Tag Archives: theories
A short history of vaccine objection, vaccine cults and conspiracy theories

I Cruikshank/Wellcome Images/Wikimedia Commons, CC BY-SA
Ella Stewart-Peters, Flinders University and Catherine Kevin, Flinders University
When we hear phrases like vaccine objection, vaccine refusal and anti-vaxxers, it’s easy to assume these are new labels used in today’s childhood vaccination debates.
But there’s a long history of opposition to childhood vaccination, from when it was introduced in England in 1796 to protect against smallpox. And many of the themes played out more than 200 years ago still resonate today.
For instance, whether childhood vaccination should be compulsory, or whether there should be penalties for not vaccinating, was debated then as it is now.
Throughout the 19th century, anti-vaxxers widely opposed Britain’s compulsory vaccination laws, leading to their effective end in 1907, when it became much easier to be a conscientious objector. Today, the focus in Australia has turned to ‘no jab, no pay’ or ‘no jab, no play’, policies linking childhood vaccination to welfare payments or childcare attendance.
Of course, the methods vaccine objectors use to discuss their position has changed. Today, people share their views on social media, blogs and websites; then, they wrote letters to newspapers for publication, the focus of my research.
Many studies have looked at the role of organised anti-vaccination societies in shaping the vaccination debate. However, “letters to the editor” let us look beyond the inner workings of these societies to show what ordinary people thought about vaccination.
Many of the UK’s larger metropolitan newspapers were wary of publishing letters opposing vaccination, especially those criticising the laws. However, regional newspapers would often publish them.
As part of my research, I looked at more than 1,100 letters to the editor, published in 30 newspapers from south-west England. Here are some of the recurring themes.
Smallpox vaccination a gruesome affair
In 19th century Britain, the only vaccine widely available to the public was against smallpox. Vaccination involved making a series of deep cuts to the arm of the child into which the doctor would insert matter from the wound of a previously vaccinated child.
These open wounds left many children vulnerable to infections, blood poisoning and gangrene. Parents and anti-vaccination campaigners alike described the gruesome scenes that often accompanied the procedure, like this example from the Royal Cornwall Gazette from December 1886:
Some of these poor infants have been borne of pillows for weeks, decaying alive before death ended their sufferings.
Conspiracy theories and vaccine cults
Side-effects were so widespread many parents refused to vaccinate their children.
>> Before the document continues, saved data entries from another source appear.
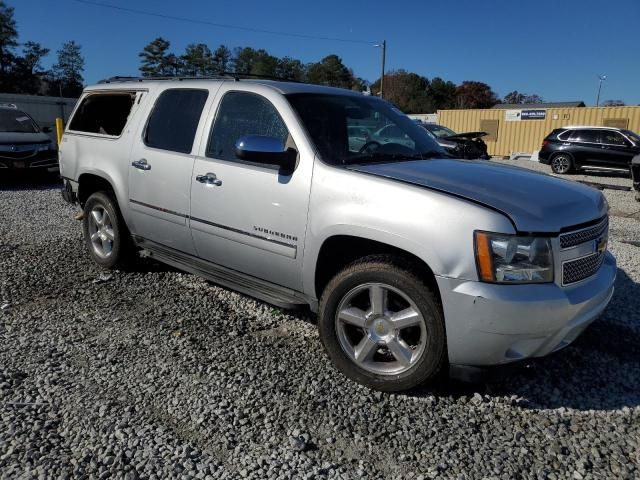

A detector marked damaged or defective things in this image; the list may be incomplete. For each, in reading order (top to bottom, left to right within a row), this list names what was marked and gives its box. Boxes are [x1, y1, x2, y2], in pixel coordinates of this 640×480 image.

damaged car in background [416, 123, 490, 160]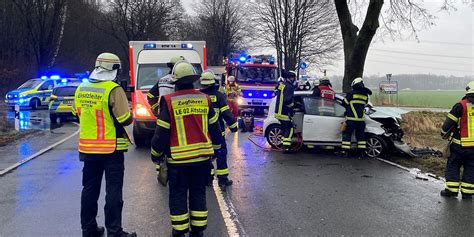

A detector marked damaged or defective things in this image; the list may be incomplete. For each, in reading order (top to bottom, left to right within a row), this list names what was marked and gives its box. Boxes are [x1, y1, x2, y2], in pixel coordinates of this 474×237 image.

damaged white car [262, 90, 412, 157]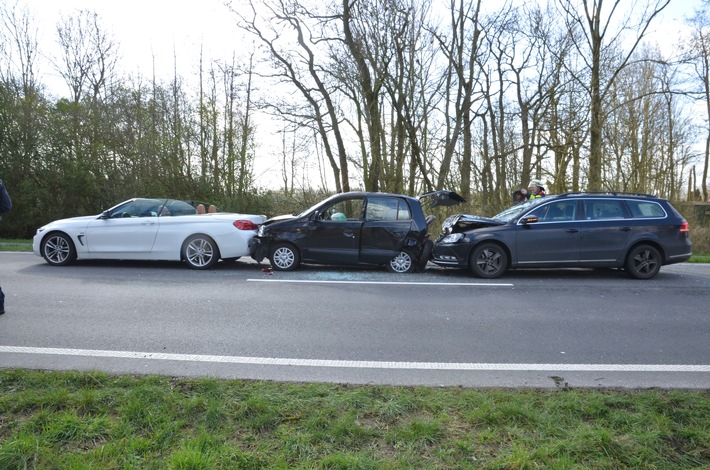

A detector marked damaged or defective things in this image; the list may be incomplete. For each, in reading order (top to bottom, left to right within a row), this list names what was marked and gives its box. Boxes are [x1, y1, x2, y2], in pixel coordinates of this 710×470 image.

crumpled hood [442, 215, 508, 233]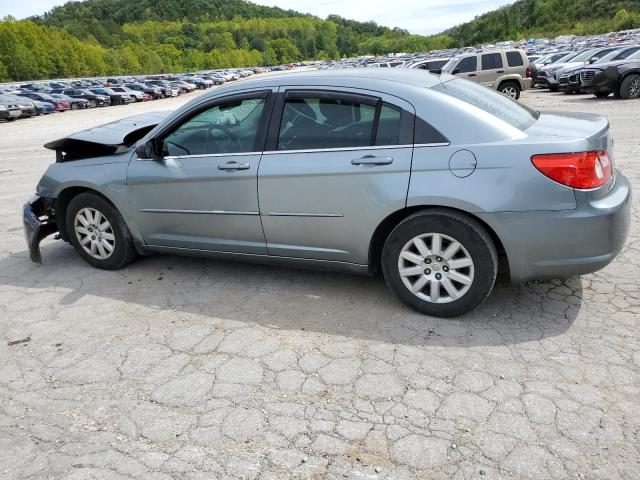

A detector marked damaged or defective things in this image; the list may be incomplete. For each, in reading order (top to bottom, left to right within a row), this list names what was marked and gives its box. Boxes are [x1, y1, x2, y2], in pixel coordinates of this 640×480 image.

damaged front bumper [23, 195, 58, 262]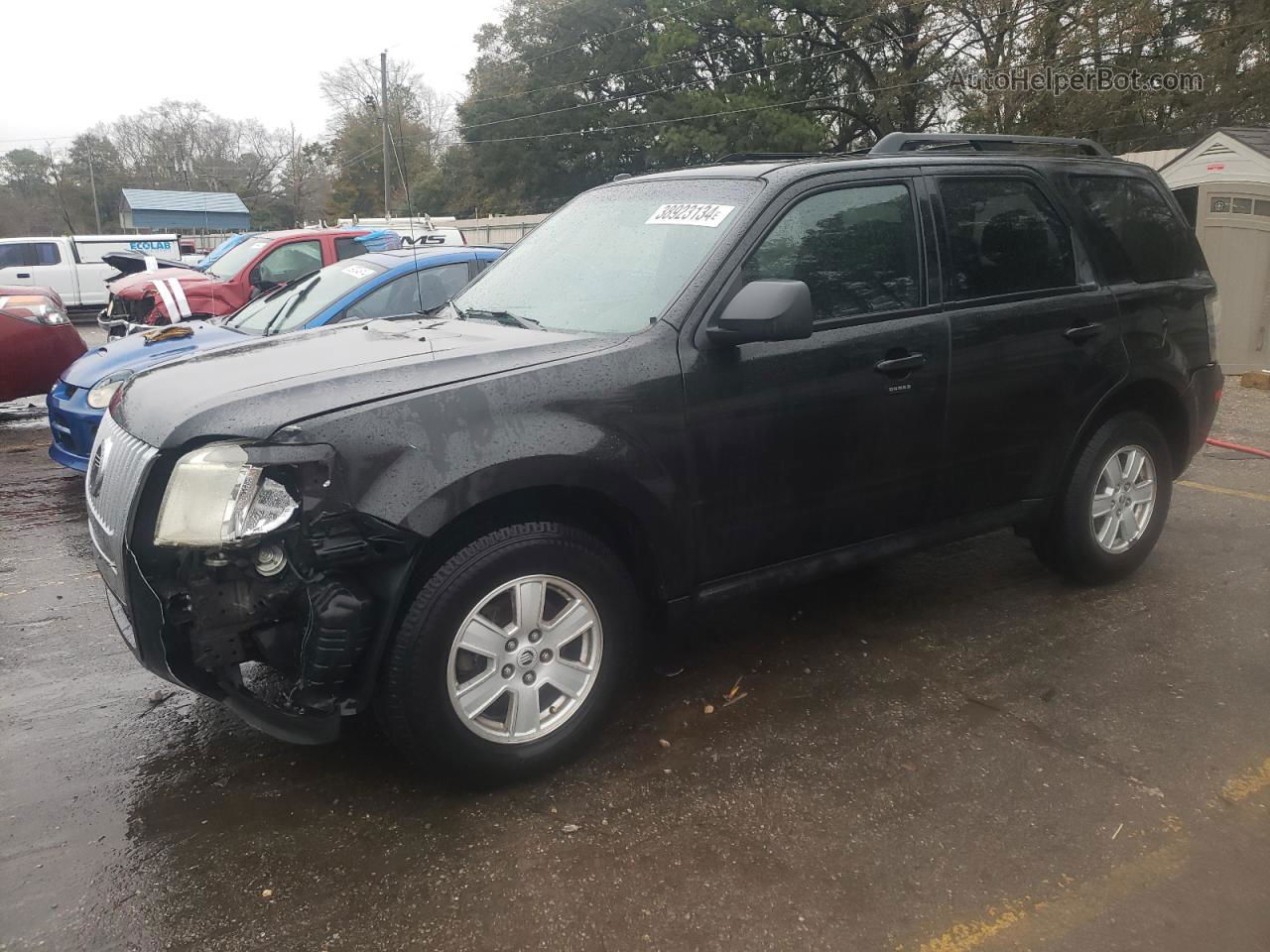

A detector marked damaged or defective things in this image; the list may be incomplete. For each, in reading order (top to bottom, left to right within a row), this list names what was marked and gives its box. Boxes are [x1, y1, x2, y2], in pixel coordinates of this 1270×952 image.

broken headlight [153, 444, 297, 547]
damaged front bumper [91, 416, 427, 746]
And letters to the editor show they became convinced the medical establishment and the government were aware of the dangers of vaccination.
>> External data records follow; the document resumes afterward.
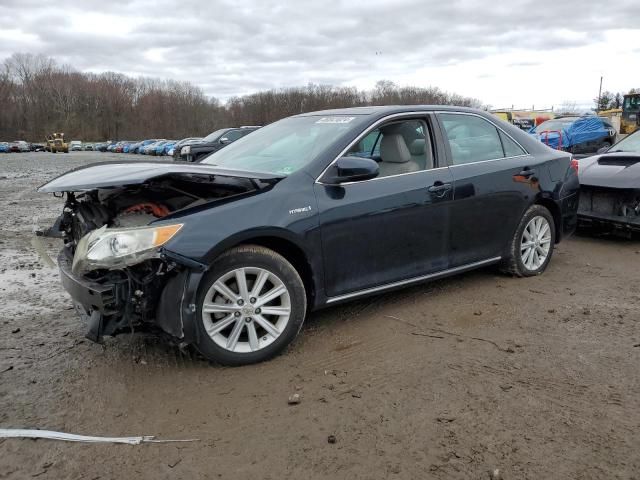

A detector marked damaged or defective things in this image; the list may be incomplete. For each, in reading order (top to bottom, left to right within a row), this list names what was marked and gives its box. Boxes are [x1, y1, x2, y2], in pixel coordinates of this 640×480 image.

crumpled hood [37, 160, 282, 192]
crumpled hood [576, 152, 640, 189]
detached headlight [72, 222, 182, 274]
damaged front end of car [37, 163, 280, 344]
front bumper damage [56, 248, 205, 344]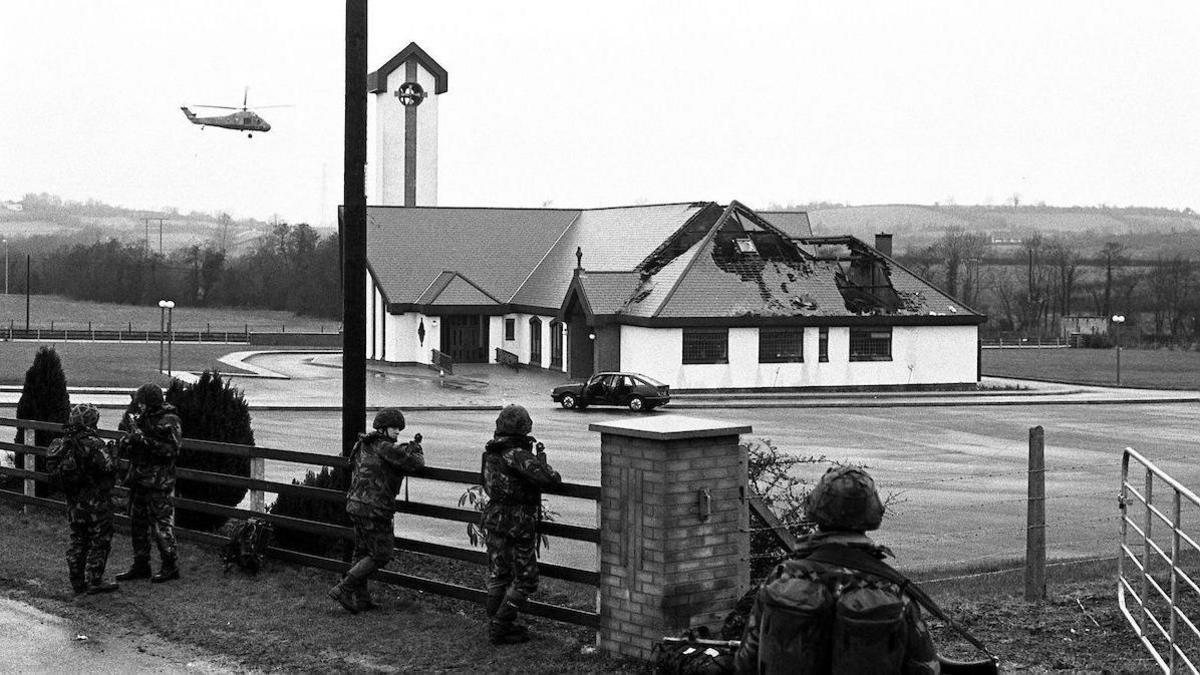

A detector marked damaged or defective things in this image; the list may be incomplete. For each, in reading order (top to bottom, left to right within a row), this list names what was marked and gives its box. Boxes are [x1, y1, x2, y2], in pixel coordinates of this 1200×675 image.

damaged roof [364, 198, 984, 324]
If this was the case, why was vaccination compulsory? The answer, for many, could be found in a conspiracy theory.
Their letters argued doctors had conned the government into enforcing compulsory vaccination so they could reap the financial benefits. After all, public vaccinators were paid a fee for each child they vaccinated. So people believed compulsory vaccination must have been introduced to maximise doctors’ profits, as this example from the Wiltshire Times in February 1894 shows:
What are the benefits of vaccination? Salaries and bonuses to public vaccinators; these are the benefits; while the individuals who have to endure the operation also have to endure the evils which result from it. Health shattered, lives crippled or destroyed – are these benefits?
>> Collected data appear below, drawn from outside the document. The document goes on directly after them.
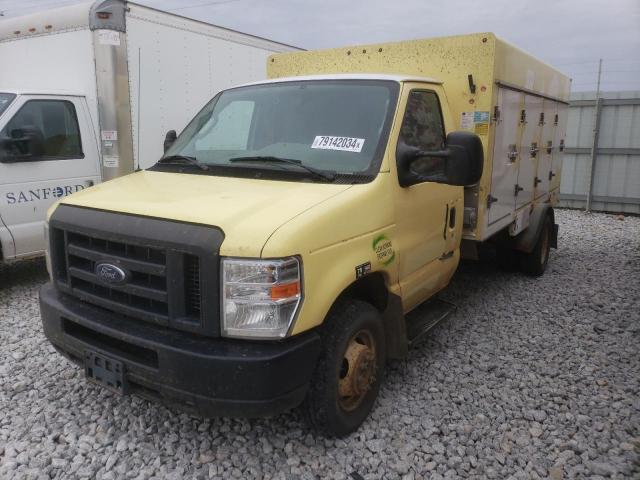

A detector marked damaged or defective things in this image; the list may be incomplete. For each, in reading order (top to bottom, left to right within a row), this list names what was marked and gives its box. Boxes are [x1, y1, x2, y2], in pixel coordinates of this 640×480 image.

rusty wheel rim [338, 330, 378, 412]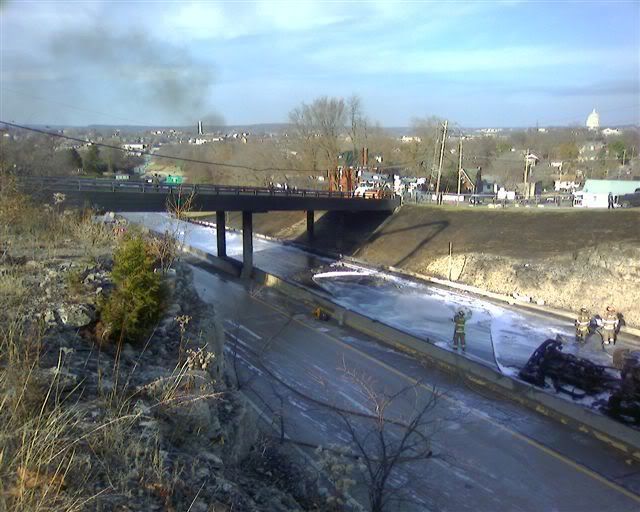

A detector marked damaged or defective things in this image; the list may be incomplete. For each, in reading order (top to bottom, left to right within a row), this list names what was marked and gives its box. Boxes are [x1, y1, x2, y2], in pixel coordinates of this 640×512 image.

burned tanker wreckage [520, 338, 640, 426]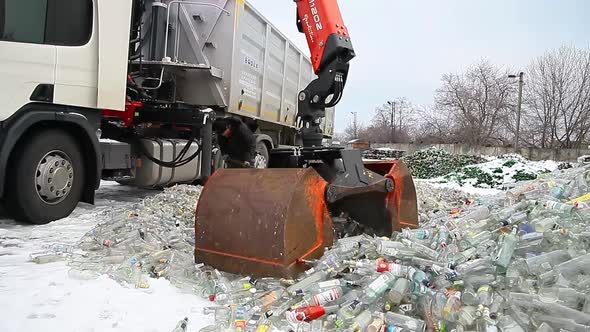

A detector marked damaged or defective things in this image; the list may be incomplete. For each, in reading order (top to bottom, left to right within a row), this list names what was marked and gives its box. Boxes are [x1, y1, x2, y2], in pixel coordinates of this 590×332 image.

rusty metal bucket [195, 169, 330, 278]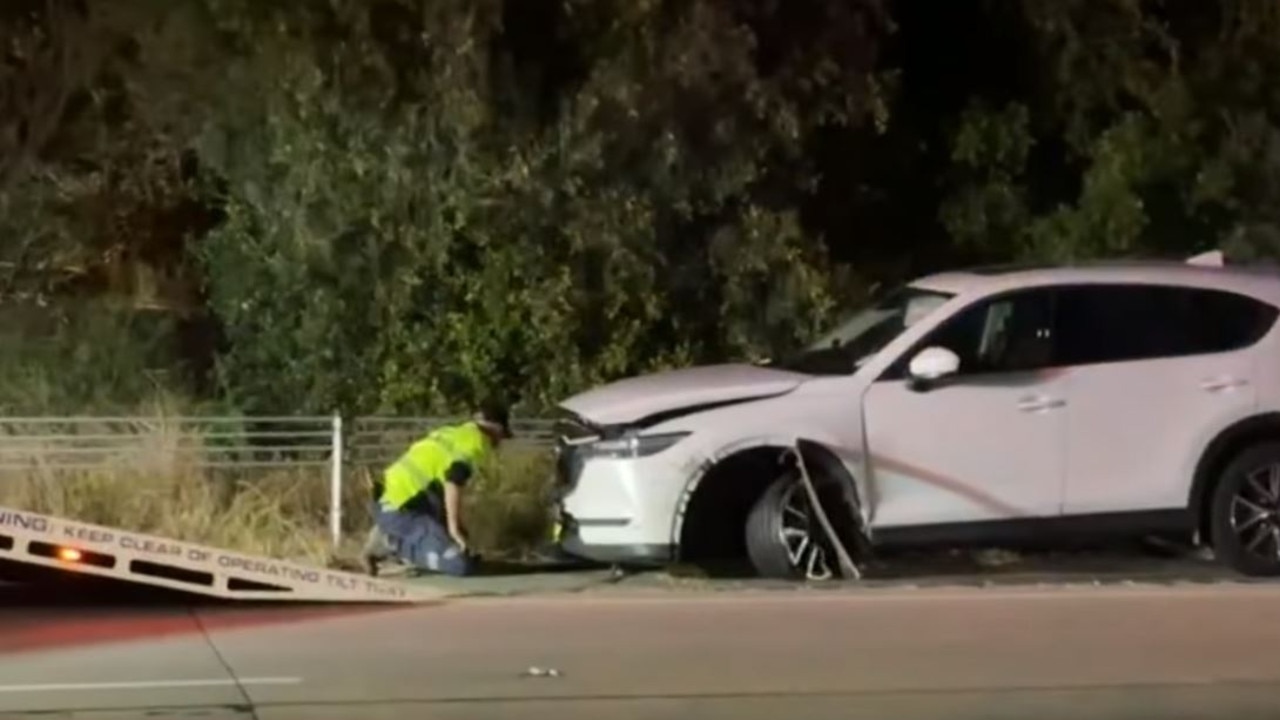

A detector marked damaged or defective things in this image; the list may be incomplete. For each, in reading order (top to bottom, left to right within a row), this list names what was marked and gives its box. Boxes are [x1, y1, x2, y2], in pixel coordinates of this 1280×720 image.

damaged white suv [552, 256, 1280, 584]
Conspiracy theories went further. If doctors knew vaccination could result in infections, then they knew children died from the procedure. As a result, some conspiracy theorists began to argue there was something inherently evil about vaccination. Some saw vaccination as “the mark of the beast”, a ritual perpetuated by a “vaccine cult”. Writing in the Salisbury Times, in December 1903, one critic said:
This is but the prototype of that modern species of doctorcraft, which would have us believe that their highly remunerative invocations of the vaccine god alone avert the utter extermination of the human race by small-pox.
Of course, this is an extreme view. But issues of morality and religion still permeate the anti-vaccination movement today.
Individual rights
For many, the issue of compulsory vaccination was directly related to the rights of the individual. Just like modern anti-vaccination arguments, many people in the 19th century believed compulsory vaccination laws were an incursion into the rights enjoyed by free citizens.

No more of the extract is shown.